El huevo y la gallina
Es enigmático cómo encontramos nuestro rol como parte de la sociedad. Es algo que la mayoría de nosotros persigue con pasión, es lo que nos mueve, pero al mismo tiempo es algo que nos acaba encontrando por el camino.
Cuando acabé la carrera en los albores de la crisis de 2008 estaba muy desubicada, como muchos de nosotros. Estudios que cerraban, compañeros que emigraban. Sentarte en una mesa a dibujar espacios no parecía un plan de vida demasiado alentador. Aquello para lo que me había estado preparando durante los años de carrera, de repente ya no tenía sentido. Algo dentro de mí, me llevó a abrirme una cuenta en el “artista antes conocido como Twitter”. Ahí fue cuando me di cuenta que en ese mundo virtual había arquitectos de todos los rincones que compartían sus historias. Desde Galicia a Cataluña, pasando por Sevilla, Madrid y Alicante o Valencia nos hacíamos eco de cómo era la vida del arquitecto. Fue una época intensa y crucial donde se reflexionaba mucho sobre nuestro rol en la sociedad.

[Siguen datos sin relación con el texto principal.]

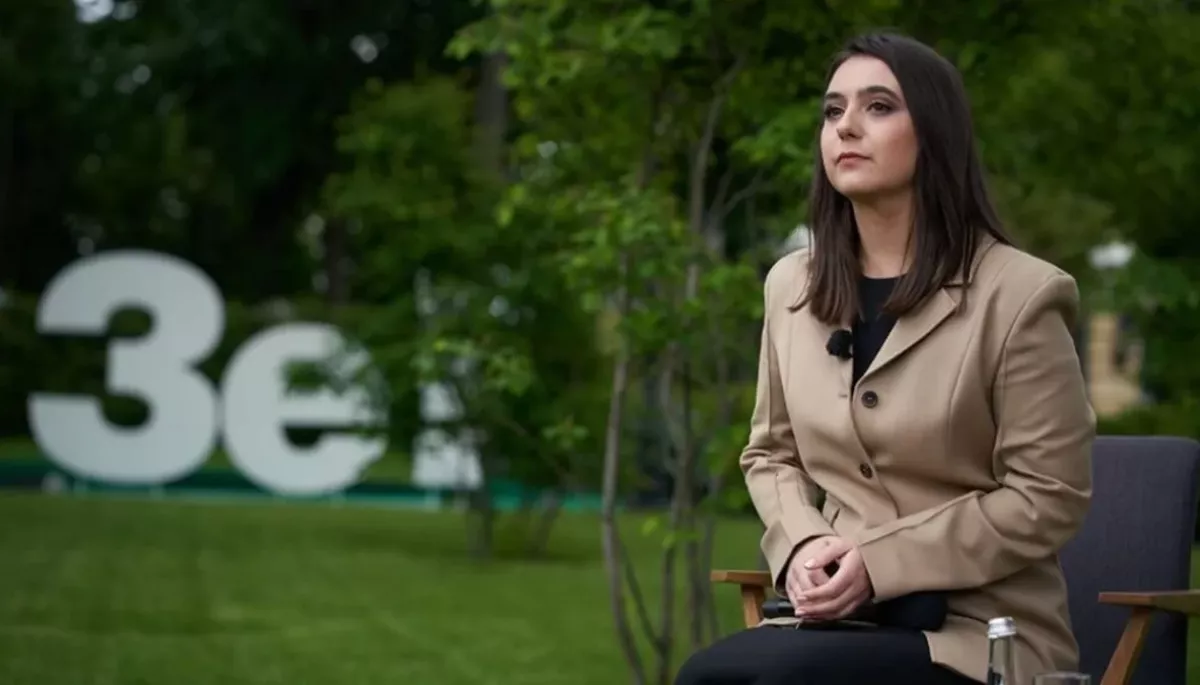Юлія Мендель знову навалила кринжі. Тепер вона ділить українців на два табори Юлія Мендель знову навалила кринжі. Тепер вона ділить українців на два табори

Entre largas cadenas y DMs, glorificábamos grandes hitos de la arquitectura, pero rara vez era algún proyecto construido de la Terreta o ideado al sol del Mediterráneo. Este hecho simbólico me hizo preguntarme; ¿cómo podía ser que en las escuelas de arquitectura no se estudiase la obra de García Solera y Dolores Alonso? A través de las revistas se aprende mucho, pero tocando los edificios se aprende de otra manera, ¿cómo era posible que nadie hablase de la luz de la Rambleta de Gradolí-Sanz? y ¿qué sucedía con el Espai Verd? A todos nos han dado alguna clase del proyecto de Habitat 67, pero el Espai Verd lo teníamos en casa. Sobretodo no acaba de entender que el arquitecto más (re)conocido de la Comunidad Valenciana fuese Santiago Calatrava y, además, casi el único que la gente era capaz de citar.

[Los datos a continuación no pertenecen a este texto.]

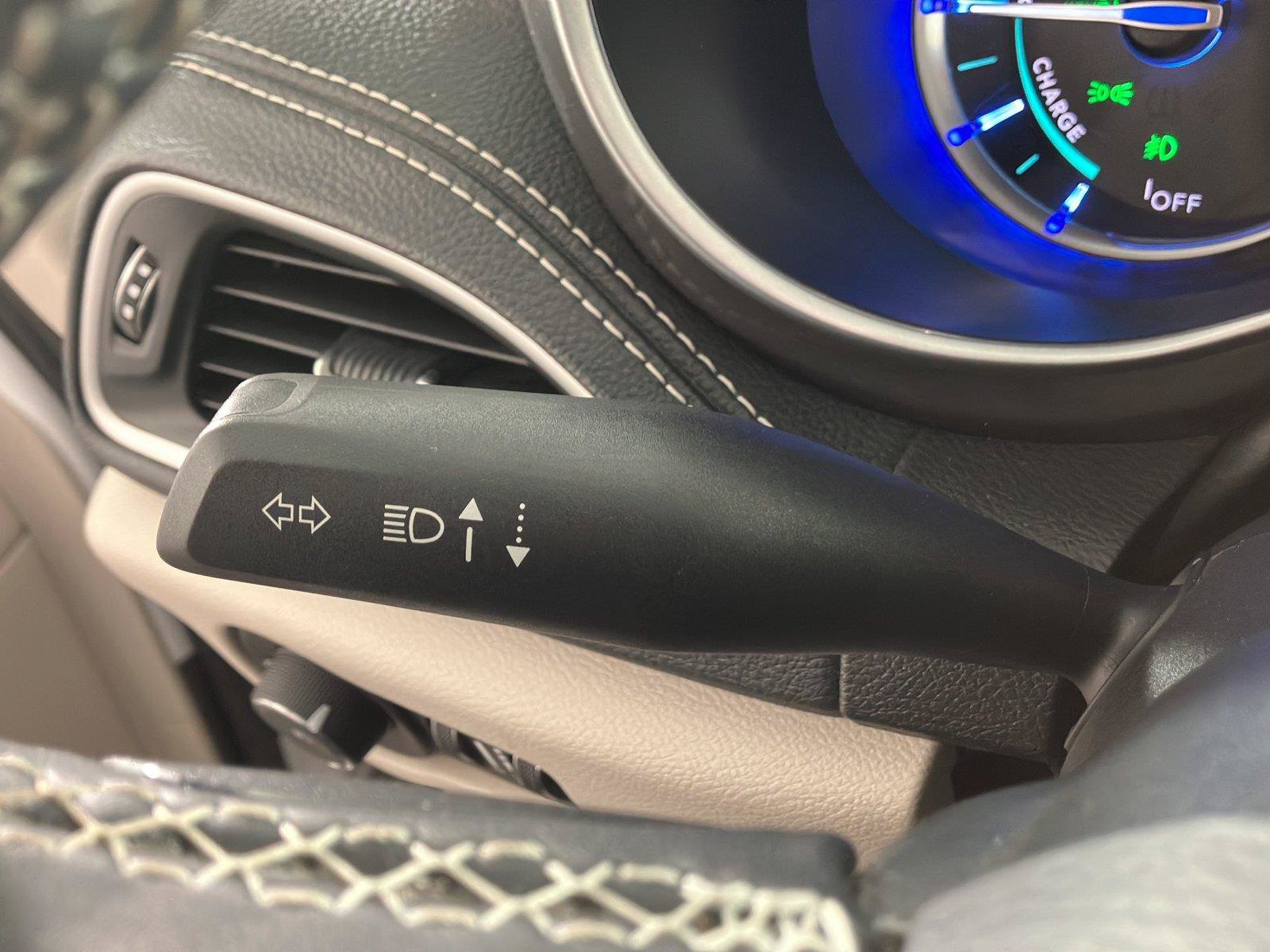 Used 2023 Chrysler Pacifica Touring-L FWD image 28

Impulsada por un ansia voraz de decirle al mundo las joyas ocultas que teníamos en casa, empecé a darle voz a la obra de nuestros arquitectos. Fotos con el móvil, inmediatas, reales, acompañadas de un texto, que por naturaleza tenía que ser directo y escueto. Las agrupé bajo el hashtag de #brutalmentvalencià, el cual me acompaña hasta el día de hoy. La acogida fue bestial, la gente captó la idea e hizo suyo el hashtag. Según se iban subiendo fotos, los 140 caracteres se quedaron cortos y tuve que abrir un blog. Después llegaron las colaboraciones en artículos de prensa, charlas, congresos, colaboraciones con ilustradores, programas de radio, tele e, incluso, tesis doctorales. No me lo creía, de repente me di cuenta que, de alguna manera, estaba haciendo arquitectura.
No fui la única que entre toda esta vorágine, encontró otras maneras de ejercer la arquitectura. Había otros que fui conociendo por el camino. Desarrollábamos nuestra pasión desde un lugar que no era el esperado: una cámara de fotos (con más o menos objetivos), dede una tableta de dibujo imaginando arquitecturas imposibles, creando fallas, desarrollando exposiciones, siendo guías turísticos o hablando desde su web personal sobre la arquitectura del día a día (como el director de este blog). Ya no era un bicho raro.
Como en la paradoja del huevo y la gallina no puedo saber qué vino antes, pero lo que sí tengo claro es que el camino de la difusión de la arquitectura es algo que era para mí.